# Ferret animal



## j.Constantine

Hello  i wonder

How do you say in your languaje ferret an mustelidae small animal?

Thanks


----------



## Olaszinhok

j.Constantine said:


> How do you say in your languaje ferret an mustelidae small animal?


Why didn't you start by saying that in Spanish?! 

*Furetto* in Italian from Latin _fur-furis_ (thief), due to its ability to drive out wild rabbits.

*Hurón* in Spanish, strangely enough, _hurón _has the same etymology as Italian _furetto_ but with the dropped initial F, which is quite common in Spanish.


----------



## j.Constantine

I didnt think about that i use to write  some things english normally so all can undestand


----------



## Welsh_Sion

*Cymraeg/Welsh

ffured, ffuret, ffurell* (all feminine nouns).

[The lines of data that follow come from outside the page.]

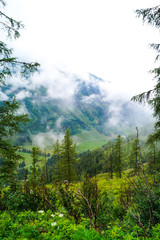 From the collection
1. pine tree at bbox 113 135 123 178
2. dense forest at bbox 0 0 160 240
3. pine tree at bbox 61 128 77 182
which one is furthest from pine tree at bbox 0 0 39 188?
pine tree at bbox 113 135 123 178

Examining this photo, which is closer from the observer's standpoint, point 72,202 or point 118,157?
point 72,202

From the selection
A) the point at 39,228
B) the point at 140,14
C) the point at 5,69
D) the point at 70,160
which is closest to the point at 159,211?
the point at 39,228

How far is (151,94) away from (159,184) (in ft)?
17.5

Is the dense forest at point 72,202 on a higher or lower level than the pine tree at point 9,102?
lower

Welsh letter *<ff>* is always */f/*. (It's not a typo.)


----------



## apmoy70

Greek:

*«Νυφίτσα»* [niˈfi.ʦ͡a] (fem.) < ByzGr fem. diminutive *«νυ(μ)φίτσα» ny(m)phítsa* of fem. *«νύ(μ)φη» ný(m)phē* < Classical fem. noun *«νύμφη» númpʰē* --> _bride, young lady, nymph (lesser goddess of rivers/lakes/forests)_, from possible PIE root *sneu̯bʰ- cf Lat. nūbere + productive suffix in Byz & MoGr to form fem. diminutives *«-ίτσα»* [-íʦ͡a] influenced from the Byz.Gr. neut. diminutive *«-ίτσιν» -ítsin* following tsitakism (affrication of [k] > [ʦ]) of Koine *«-ίκιν» -íkin* < Classical neut. diminutive suffix
*«-ίκιον» -íkiŏn*.
In Ancient Greek the animal's name was *«γαλέη/γαλῆ» găléē* (fem. uncontracted)/*«γαλῆ» gălê* (contracted), from PIE *gl̥Hi-/*gl̥h₁eu̯s- _mouse, dormouse, weasel_ cf Skt. गिरि (girí), _mouse_, Lat. glīs, _dormouse_. According to Beekes:


			
				Beekes said:
			
		

> ...the formation of γαλέη shows that the word originally indicated the skin cf ἀλωπεκ-έη/ἀλωπεκ-ῆ (ălōpĕkéē/ălōpĕkê), _fox_


Note that γαλέη was used as a pet by the ancient Greeks to hunt down rabbits or mice, but after the import of cats from Egypt, the new animal was much more preferable because the Egyptian hunter was less...stinky than the previous one. Γαλέη/γαλῆ then became the colloquial vernacular name of the new imported animal.

Edit: Added ancient name


----------



## Awwal12

Russian:
хорёк (khoryók) [xɐ'ɾʲɔk]; the Proto-Slavic etymology is ~"little stinky one".


----------



## symposium

apmoy70 said:


> In Ancient Greek the animal's name was *«γαλέη/γαλῆ» găléē*


That is why, they say, Leonardo painted Cecilia Gallerani with a ferret in her arms, because of the resemblance of her name with the Greek word for "ferret" (or weasel, or ermine)....


----------



## Penyafort

*Catalan:*
*fura*

*Aragonese:*
*furón*

All these Romance forms starting with fur- (and the English _ferret _too) come from derivations of the Latin _fur _'thief', and therefore are related to the way of saying "theft" in most Romance languages (_furt, furto, hurto_).


----------



## Circunflejo

Penyafort said:


> *Aragonese:*
> *furón*


It's the same in Galician and in Asturian although in the later Turón is documented too.


----------



## KalAlbè

*Furão *in Portuguese


----------



## Terio

En français : furet /fy'ʀɛ/


----------



## Torontal

Hungarian:

Polecat is _görény_
Ferret is _vadászgörény _(vadász=hunting).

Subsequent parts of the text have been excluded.